The lines to extract run from the start of the records through the line with "Empty room featuring carpet and baseboards", both ends included; drop the pictures.

[Start of Attachment]

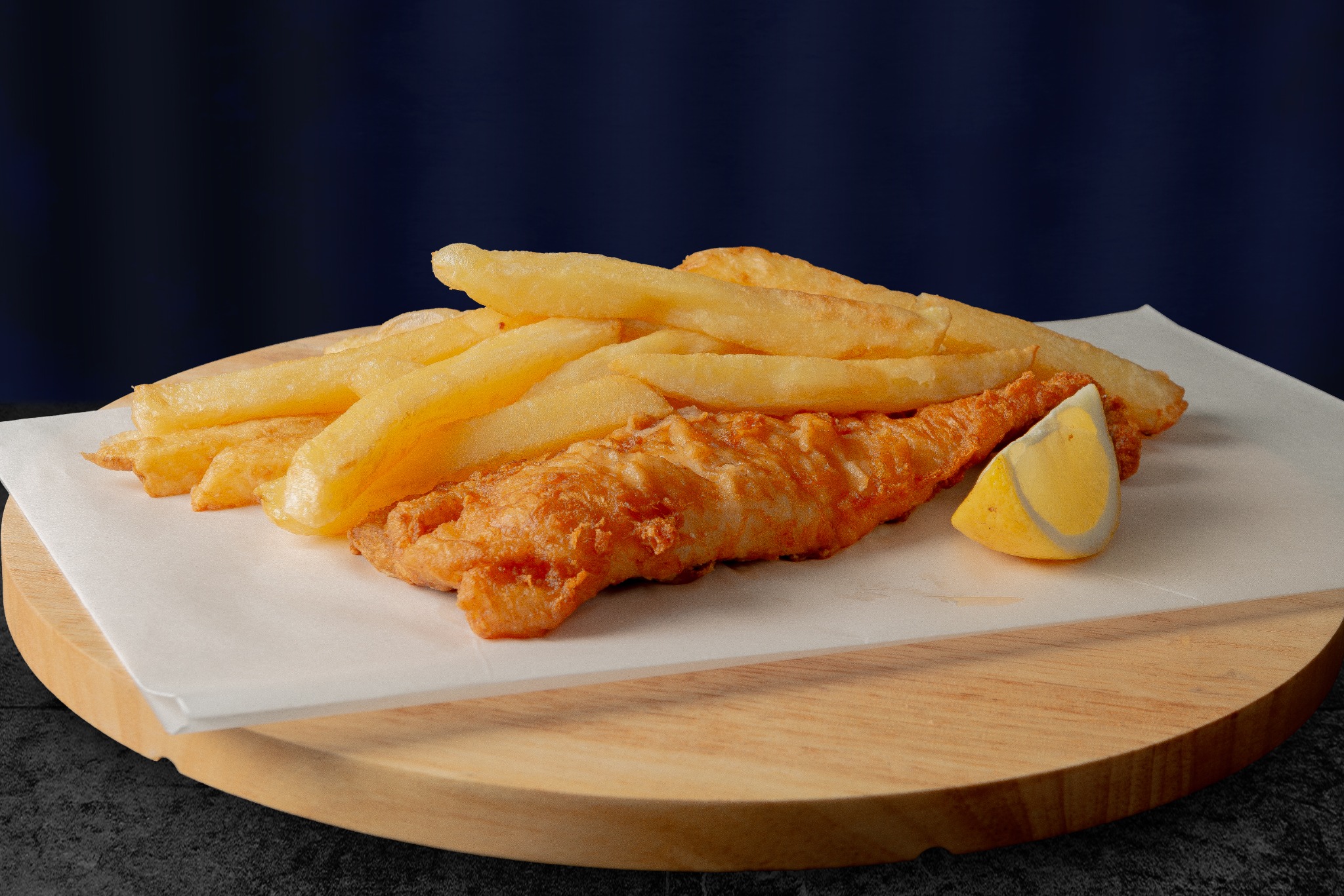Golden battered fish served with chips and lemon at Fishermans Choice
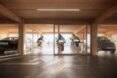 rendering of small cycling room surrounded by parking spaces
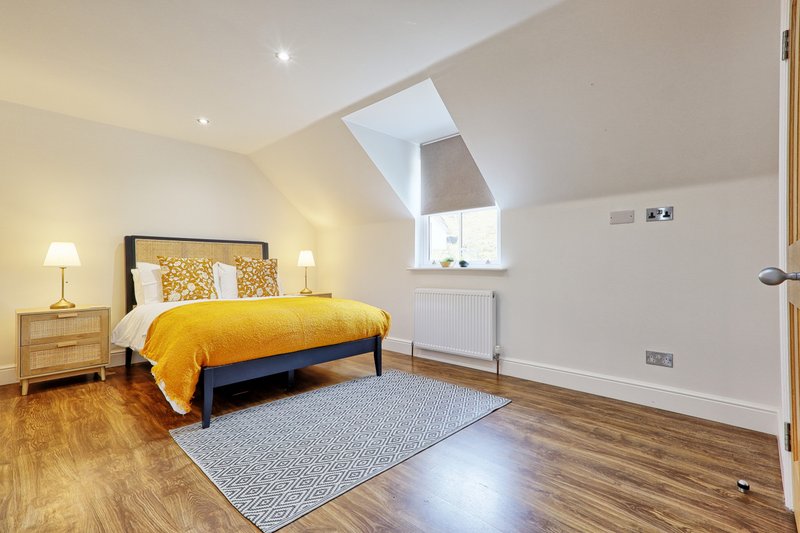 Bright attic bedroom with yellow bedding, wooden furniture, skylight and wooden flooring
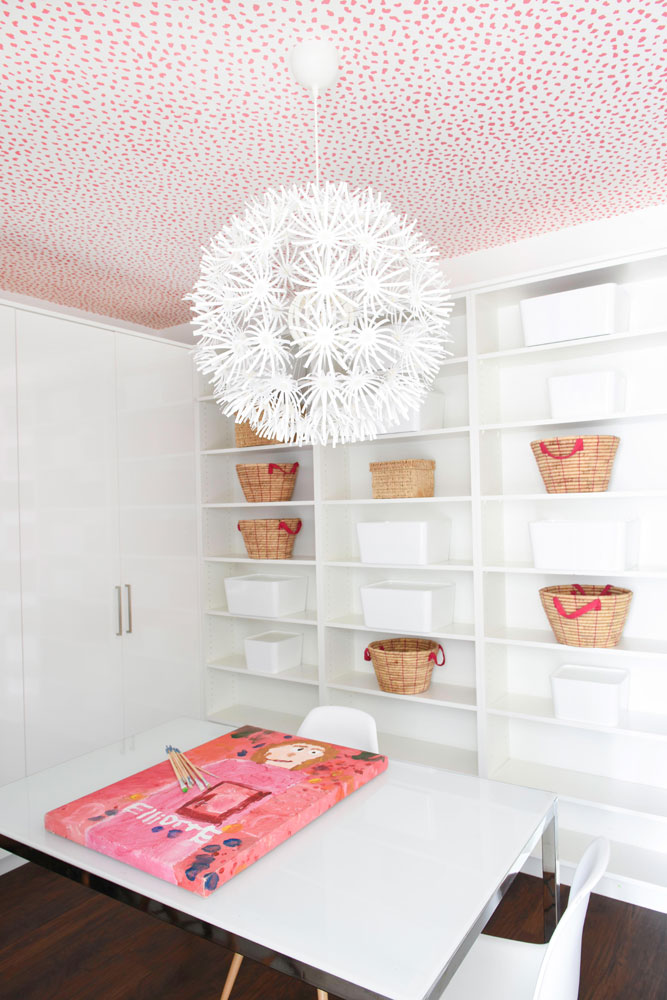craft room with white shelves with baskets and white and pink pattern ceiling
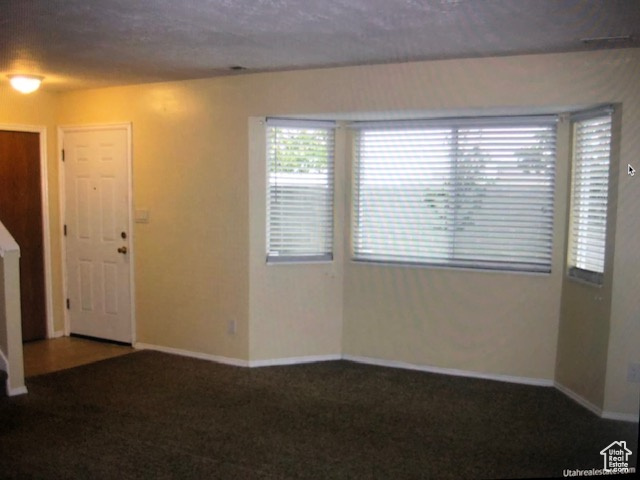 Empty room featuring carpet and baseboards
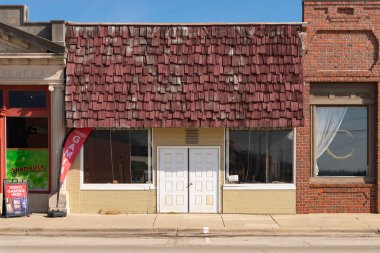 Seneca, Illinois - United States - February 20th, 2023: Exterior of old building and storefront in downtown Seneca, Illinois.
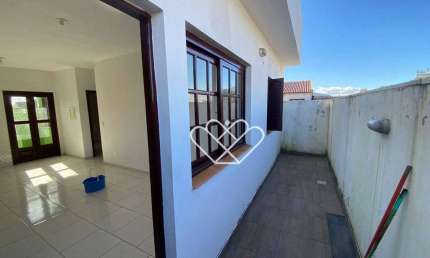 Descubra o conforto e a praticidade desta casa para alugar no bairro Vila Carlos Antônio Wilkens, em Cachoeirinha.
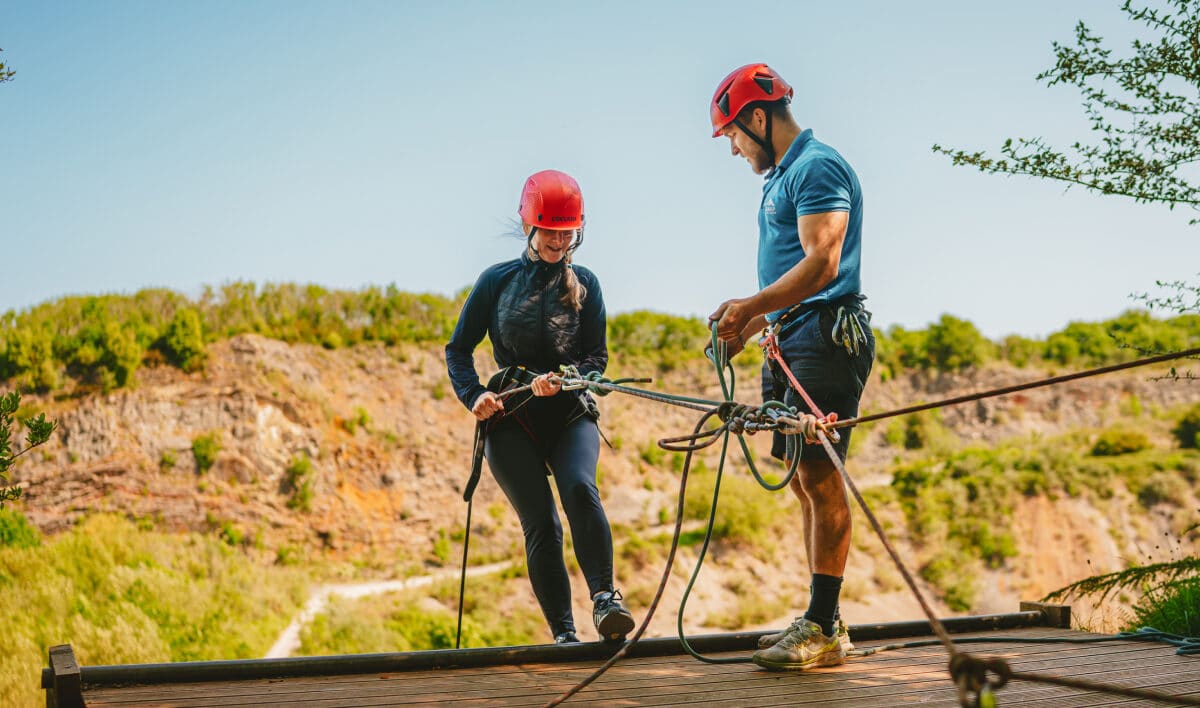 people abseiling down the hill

[End of Attachment]

> _Answer space_:
Golden battered fish served with chips and lemon at Fishermans Choice
 rendering of small cycling room surrounded by parking spaces
 Bright attic bedroom with yellow bedding, wooden furniture, skylight and wooden flooring
craft room with white shelves with baskets and white and pink pattern ceiling
 Empty room featuring carpet and baseboards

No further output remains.